Wednesday, April 29, 2015

What is up (or down) with the price of milk?

No big observation for this posting.  New data from USDA ERS on the cost of producing milk came out today, and I was just looking at the numbers.

I knew feed would be a large cost for dairy farmers but I did not know it was of this magnitude.

If you too are curious, take a look.  Next time you hear the price of milk has increased (or decreased) the primary reason might be the cost of this vital input.  Cows gotta eat!

The data are for the whole US dairy industry and this graphic includes only the "operating costs". These would be considered "Variable Costs (VC's)" for the purposes of Microeconomics.  Using Excel, I took the average for each year (costs were listed by month in the spreadsheet).

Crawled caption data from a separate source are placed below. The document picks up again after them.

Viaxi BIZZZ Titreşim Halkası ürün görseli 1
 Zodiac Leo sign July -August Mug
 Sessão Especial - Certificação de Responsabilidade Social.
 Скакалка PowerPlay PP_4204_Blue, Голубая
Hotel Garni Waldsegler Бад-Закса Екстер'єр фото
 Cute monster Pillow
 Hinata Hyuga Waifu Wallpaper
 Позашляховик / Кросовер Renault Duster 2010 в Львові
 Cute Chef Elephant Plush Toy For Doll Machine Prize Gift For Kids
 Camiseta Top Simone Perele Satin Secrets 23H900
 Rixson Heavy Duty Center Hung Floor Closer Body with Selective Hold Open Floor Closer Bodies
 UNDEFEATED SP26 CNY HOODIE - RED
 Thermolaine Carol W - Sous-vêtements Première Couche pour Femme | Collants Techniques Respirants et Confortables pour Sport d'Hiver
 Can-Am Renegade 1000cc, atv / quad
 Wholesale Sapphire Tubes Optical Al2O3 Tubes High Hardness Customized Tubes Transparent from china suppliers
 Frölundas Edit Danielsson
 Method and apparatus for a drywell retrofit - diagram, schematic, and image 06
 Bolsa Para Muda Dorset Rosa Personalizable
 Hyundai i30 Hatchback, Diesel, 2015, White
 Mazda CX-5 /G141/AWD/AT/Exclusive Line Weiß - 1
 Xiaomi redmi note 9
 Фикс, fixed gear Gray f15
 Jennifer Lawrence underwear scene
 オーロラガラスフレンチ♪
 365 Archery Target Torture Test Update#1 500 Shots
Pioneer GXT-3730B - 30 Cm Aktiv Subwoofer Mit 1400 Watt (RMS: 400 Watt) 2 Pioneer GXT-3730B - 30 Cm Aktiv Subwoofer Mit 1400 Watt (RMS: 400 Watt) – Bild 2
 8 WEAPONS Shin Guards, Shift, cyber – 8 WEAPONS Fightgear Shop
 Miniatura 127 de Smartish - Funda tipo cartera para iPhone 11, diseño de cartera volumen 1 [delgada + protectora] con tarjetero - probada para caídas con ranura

The bottom line for what what I wanted to look at is in RED. 

"CWT"= 100 pounds of milk. Total Operating Costs for 2014 were $16.42.  Divide this by 100 and you get the per pound cost of producing milk---$.13 (13 cents).

There are about 8.6 pounds in a gallon of milk.

So, total operating costs (but not ALL costs) for the dairy farmer to produce a gallon of milk are $1.12. Remember that the next time you are at the grocery store!

Feed costs are the obvious out-sized individual cost of producing milk---pretty close to 80% of operating costs.

Feed costs increased 27%**  from 2010 through 2014 and all other operating costs have increased by 6.7%.

**Note:  feed costs in 2014 were, in percent terms, lower than in 2012 and 2013 so the average increase is likely larger---I did not calculate it.